* REQUIREMENT *
Everything below from the line with "Off Shoulder Sleeveless" through the line with "Shiny white inflatable" should be copied exactly, and nothing else; leave out the pictures.
(DATA SHOWN Opens)
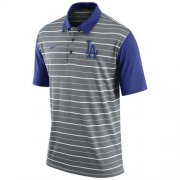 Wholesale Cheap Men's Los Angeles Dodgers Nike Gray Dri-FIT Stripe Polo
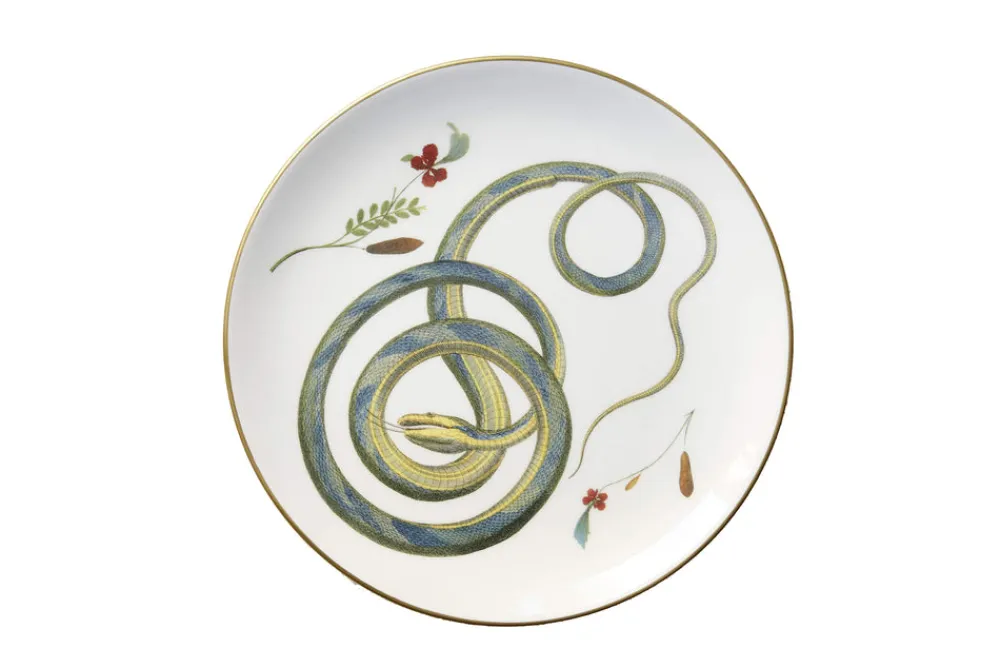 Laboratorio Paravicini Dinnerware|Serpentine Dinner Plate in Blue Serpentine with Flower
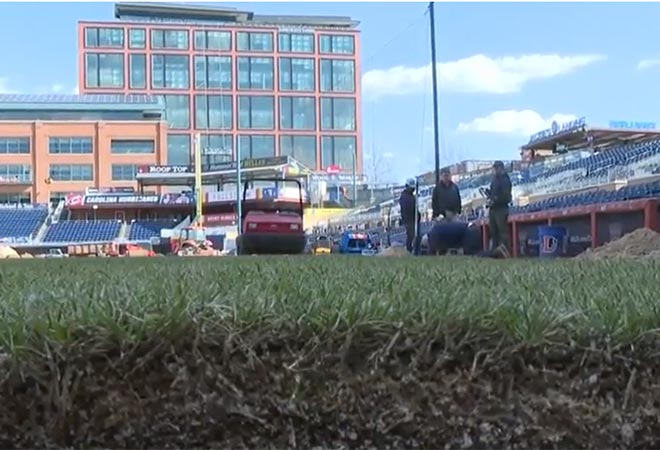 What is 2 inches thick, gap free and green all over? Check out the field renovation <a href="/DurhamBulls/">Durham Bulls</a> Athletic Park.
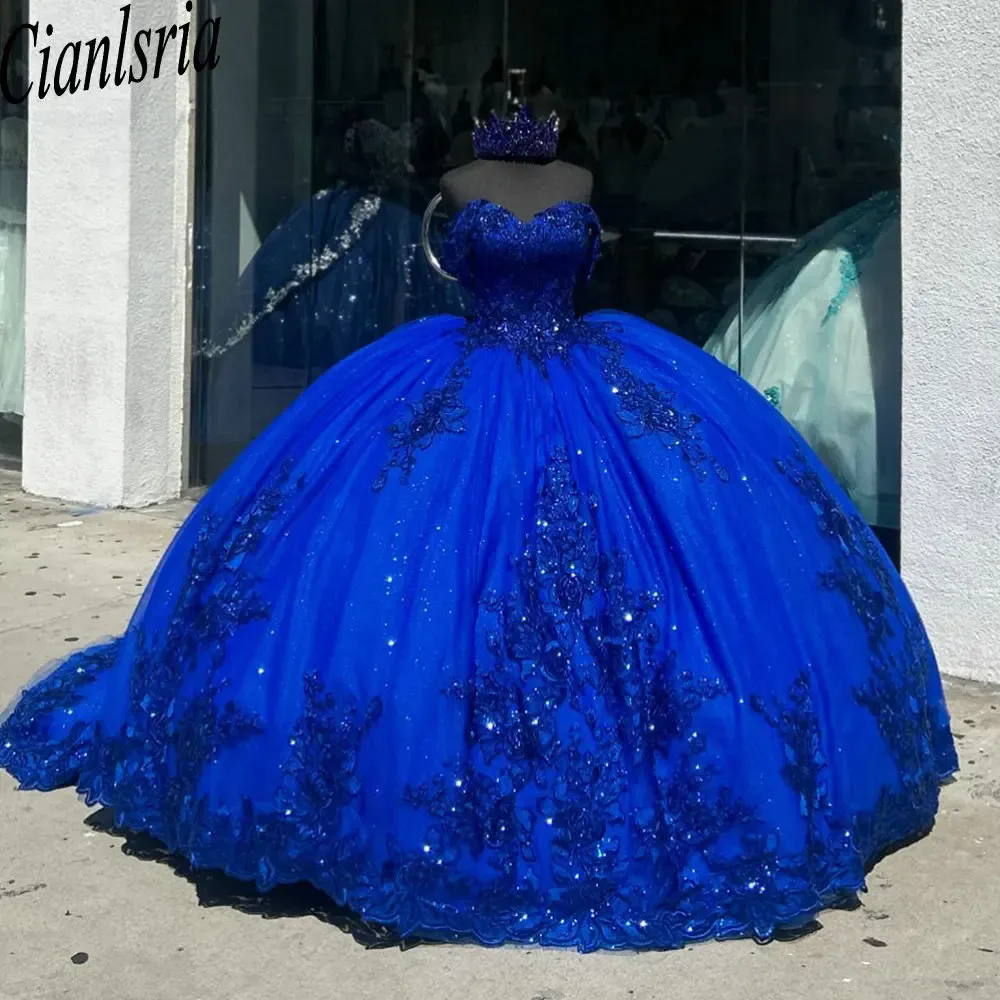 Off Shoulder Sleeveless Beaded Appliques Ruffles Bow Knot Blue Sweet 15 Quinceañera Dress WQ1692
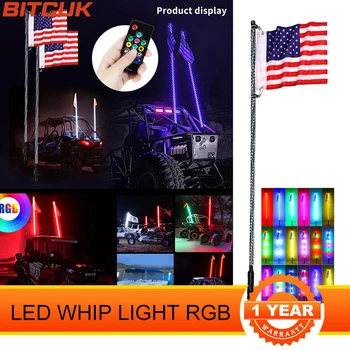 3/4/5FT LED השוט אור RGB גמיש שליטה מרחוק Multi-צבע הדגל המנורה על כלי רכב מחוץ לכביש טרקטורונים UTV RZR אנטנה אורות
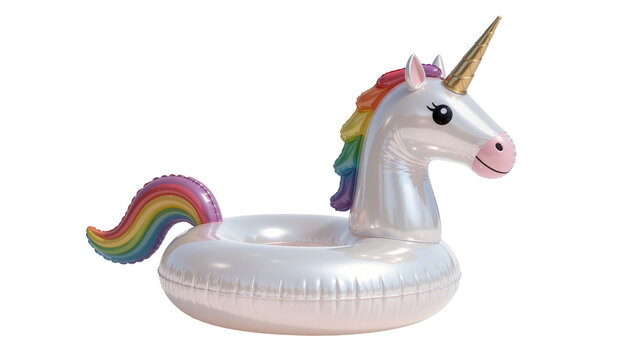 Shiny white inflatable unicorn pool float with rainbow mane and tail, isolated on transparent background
(DATA SHOWN Closes)
(DATA SHOWN Opens)
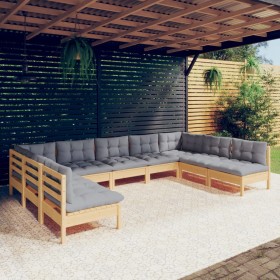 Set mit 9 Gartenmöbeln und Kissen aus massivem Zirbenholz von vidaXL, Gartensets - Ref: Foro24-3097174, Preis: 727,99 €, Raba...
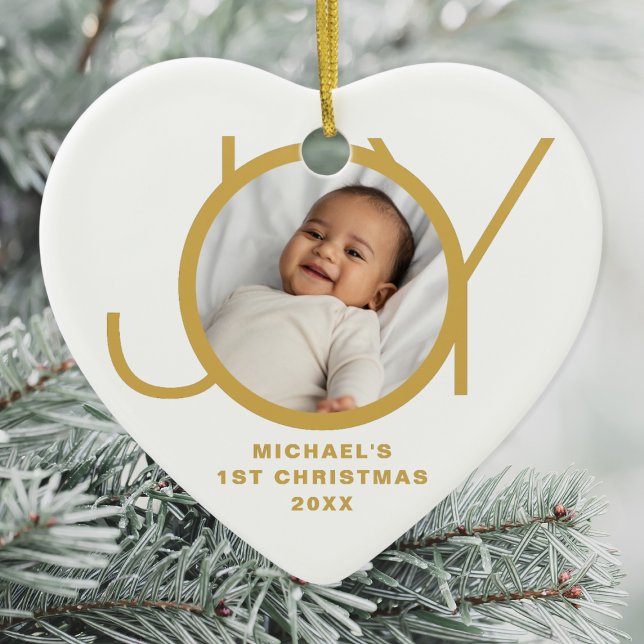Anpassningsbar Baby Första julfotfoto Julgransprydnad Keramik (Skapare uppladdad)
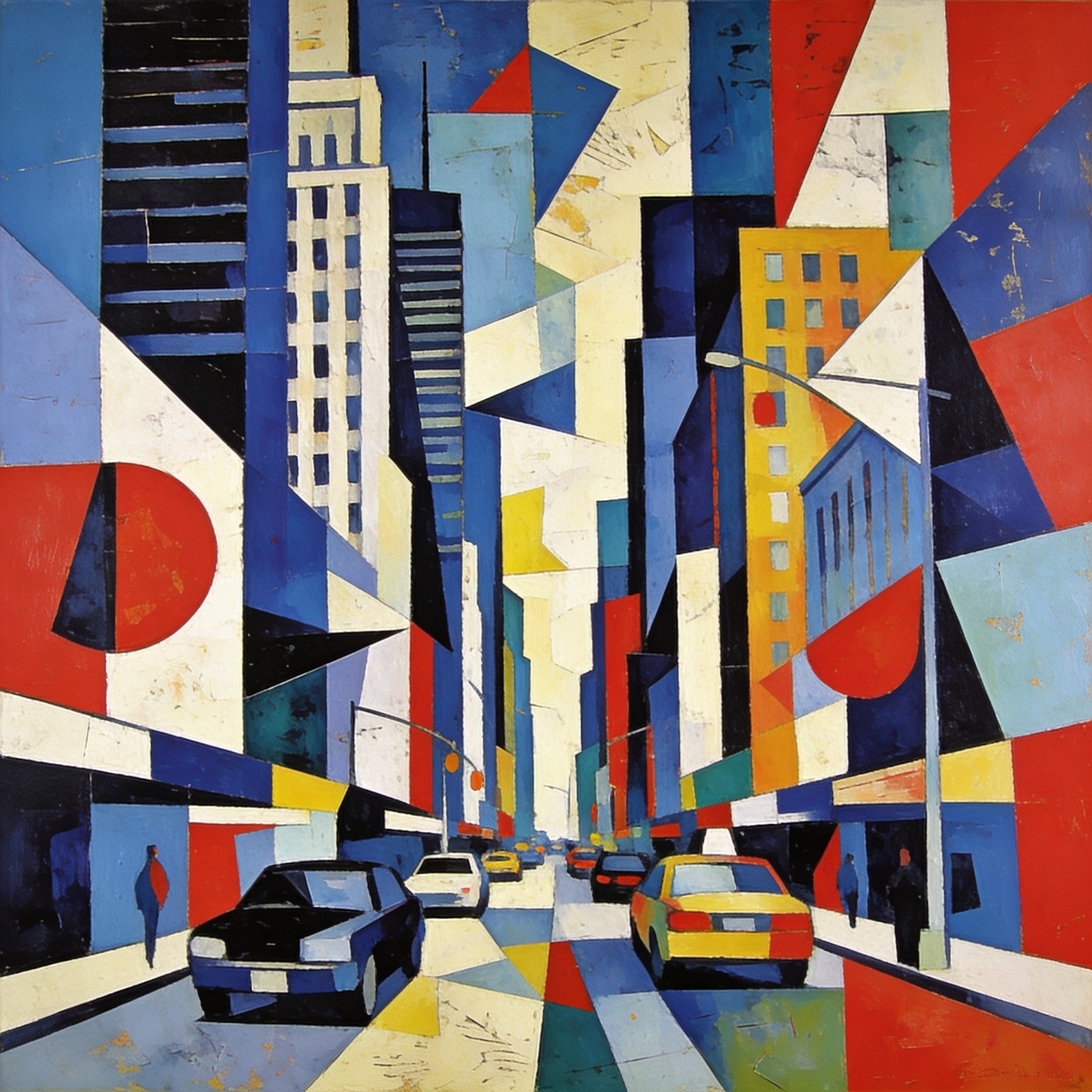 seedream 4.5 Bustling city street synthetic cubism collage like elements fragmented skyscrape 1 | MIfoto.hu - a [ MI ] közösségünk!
(DATA SHOWN Closes)
* ANSWER FOR THIS EXERCISE *
 Off Shoulder Sleeveless Beaded Appliques Ruffles Bow Knot Blue Sweet 15 Quinceañera Dress WQ1692
 3/4/5FT LED השוט אור RGB גמיש שליטה מרחוק Multi-צבע הדגל המנורה על כלי רכב מחוץ לכביש טרקטורונים UTV RZR אנטנה אורות
 Shiny white inflatable unicorn pool float with rainbow mane and tail, isolated on transparent background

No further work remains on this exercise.